Lo primero es entender que la paz no consiste, simplemente, en el fin de las guerras. Esa sería una visión tan simplista como pensar que, si no llueve, siempre hace sol. La paz es un ecosistema complejo que pasa por la ausencia de todas las violencias. Y las hay de tres tipos. Por un lado está la visible, la agresión, la que se cuantifica a través de asesinatos o violaciones, pero eso es la punta del iceberg. Por otro, la estructural: las injusticias sociales, la pobreza, el hambre, todas esas desigualdades provocadas por este sistema productivo inhumano, las raíces podridas que alimentan el árbol de la discordia. Y por último, la violencia cultural, la que justifica la existencia de la visible y estructural. El patriarcado y el racismo son dos buenos ejemplos.
El dinero destinado a políticas de paz es ridículo, ni un solo país del mundo le dedica más del 1% de sus presupuestos
Así visto, echar abajo esta pirámide perversa parece imposible. Habría que aparcar demasiados intereses, desintoxicarse de tanto capitalismo, lograr que el poder no corrompa. Esforzarse mucho y, también, echarle billetes. El dinero destinado a políticas de paz es ridículo. Contó Herbolzheimer en su conferencia que ni un solo país del mundo le dedica más del 1% de sus presupuestos.
Y, sin embargo, siguen existiendo personas que creen que las utopías existen para dejar de serlo. Nelson Mandela, por ejemplo, demostró que es posible aparcar el odio, abrazar al verdugo y conseguir avances inconcebibles con un impacto revolucionario. Entendía que la paz pasa por crear un entorno justo, digno y humano para todas las personas con independencia de su procedencia, raza, clase o credo. Y no se rindió.
Por eso me hace gracia leer al Presidente, en la segunda carta de San Pedro a los españoles, presumiendo de la contribución del Gobierno a la paz en el mundo a través de su posición con el genocidio de Palestina o lo que pasa en Ucrania. Sí, se mojado bastante más que otros gobiernos de Occidente en estos asuntos, pero a mí me daría vergüenza hinchar tanto el pecho. Más que acciones valientes y solidarias, lo suyo huele a gesto de propaganda. Por otro lado, tampoco es que los partidos de la derecha y más allá se lo pongan fácil.

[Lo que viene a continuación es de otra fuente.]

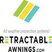 RetractableAwnings.com Inc.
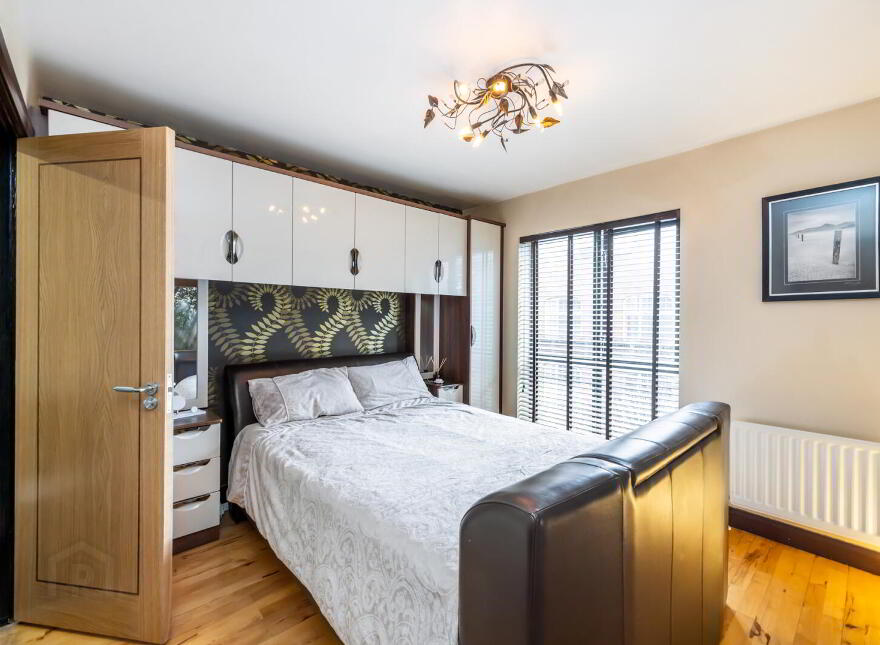 N12 Central Park, 33 Alfred Street, Belfast, BT2 8ED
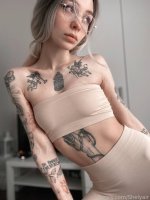 220505 03.jpg
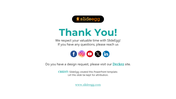 101683-twitter-marketing-15
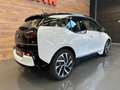 BMW i3 120Ah Blanc - thumbnail 5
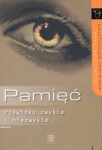pamiec-zjawiska-zwykle-i-niezwykle.jpg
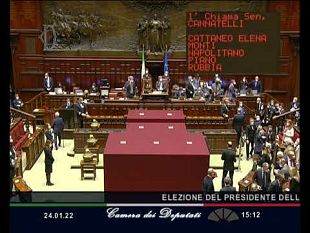 sergio-mattarella-rieletto-presidente-della-repubblica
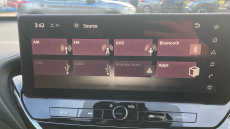 Nissan Juke 1.0 DiG-T Tekna 5dr Petrol Hatchback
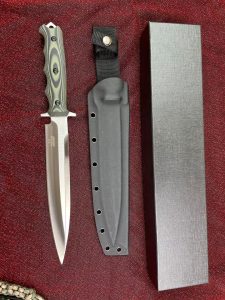 mmexport1750309459602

La verdadera paz empieza cuando decidimos bajar la guardia y escuchar, en lugar de atacar
Me encantaría que nuestros representantes fueran capaces de darle un descanso a la confrontación. La verdadera paz empieza cuando decidimos bajar la guardia y escuchar, en lugar de atacar. Pero qué poco hemos visto de eso en estas semanas previas a las elecciones europeas. Estos momentos, que deberían de ser de máximo ejercicio democrático, se han convertido en carnavales de odio y división. Por desgracia, la incapacidad de llegar a acuerdos no solo frena el progreso. También abre la puerta a políticas retrógadas. A que ganen los más malos.
Ojalá aparcar la polarización y ese empeño, en ocasiones insano, de defender nuestra verdad verdadera con la venda en los ojos y el cuchillo en la mano. Estoy de acuerdo con Herbolzheimer cuando dijo que este mundo necesita más "cobardes" y "traidores"; es decir, personas que dudan y están dispuestas a plantearse otra manera de pensar y hacer las cosas. Ellas son los verdaderas arquitectas del cambio, las que se atreven a cuestionar sus propias creencias y prejuicios, y ponerse a trabajar, enfrentándose a la incomprensión y el rechazo.
Puede que la paz sea un sueño, el más inalcanzable de los deseos, pero también una construcción constante y colectiva. Quizá hay que hablar menos de ella y practicarla más.
No sé, supongo que este artículo me ha quedado un poco entre discurso de Miss Universo y sermón dominical. Me voy un ratito a escuchar a Jiménez Losantos, o a Ferreras.